Obviously, not burning buildings if you are afraid of fire, but when you want something and you’re afraid to go get it, you need to go get it anyway.

You have your stories and your poems in your brain and you want to EXPRESS them, you want to let them out but then all the BUTs and SELF-DOUBT and REJECTIONS come in and those can really weigh a person down.

Or you think that after you’ve finished your masterpiece, after you’ve poured all of your blood, sweat, and tears onto the page and actually made a thing, the world will look at it and go: that’s awful. Or you’re afraid you won’t get published or you won’t make any money and you’ll either be a starving artist forever or suffer working at a job you hate just so you can get by and write more crap.

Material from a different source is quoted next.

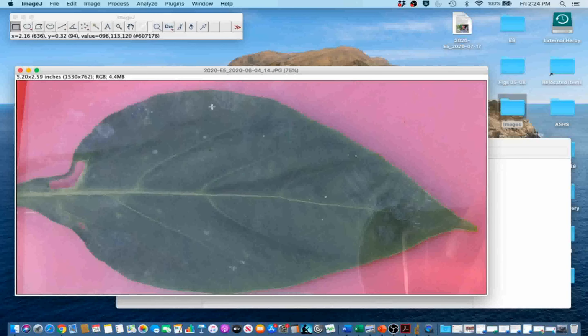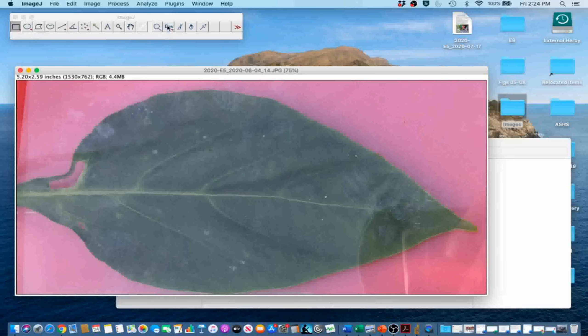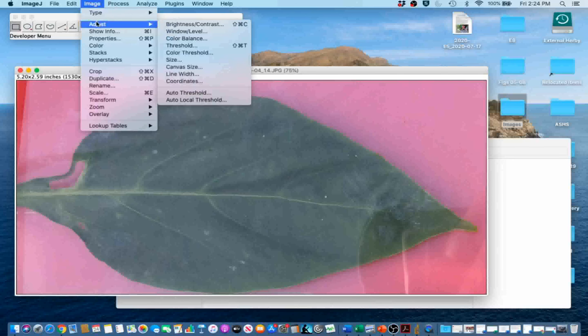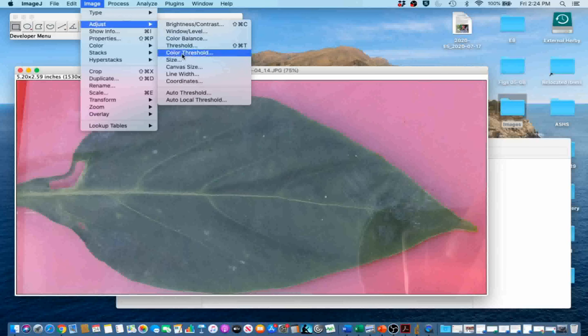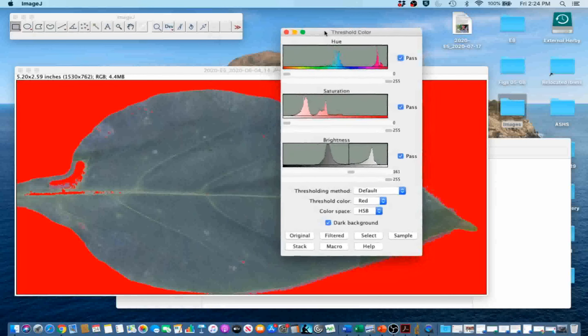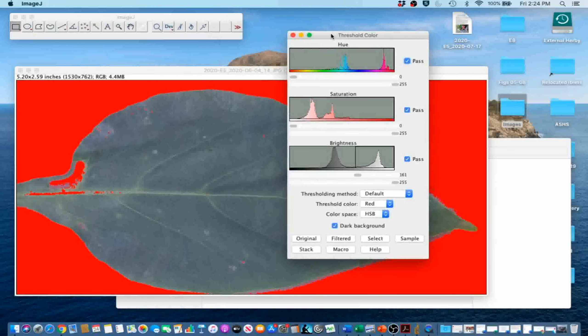Now that our image is scaled and cropped, we are going to go to Image, Adjust, Color Threshold to separate the leaf from the background. We are going to adjust the hue, saturation, and brightness to select the leaf.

Then you have your relationship to your stories and poems, one day you love them and the next day you hate them and you think they’re crap.

Sometimes when I write, memories come up that I don’t want to remember and sometimes writing doesn’t make me feel happy or safe but I still really, really want to do it, I want to finish that project, I want to write more.

But ultimately, even though it’s scary, writing is something you can throw yourself into. Because writing is something you love to do, even if it makes you feel bad sometimes.

If you can find a 9-5 job that does the same thing, a job that fills the hole in your soul, then do that too. But if the only thing that fills that hole is writing, don’t give up just because it doesn’t pay the bills or because you think you aren’t “good” enough.

There’s lots of bad writing out there but I think that there are more unfinished projects in the world than there are bad writers and you shouldn’t care about whether someone else thinks your writing is good or bad, if you think it’s good you need to stick with it and keep going.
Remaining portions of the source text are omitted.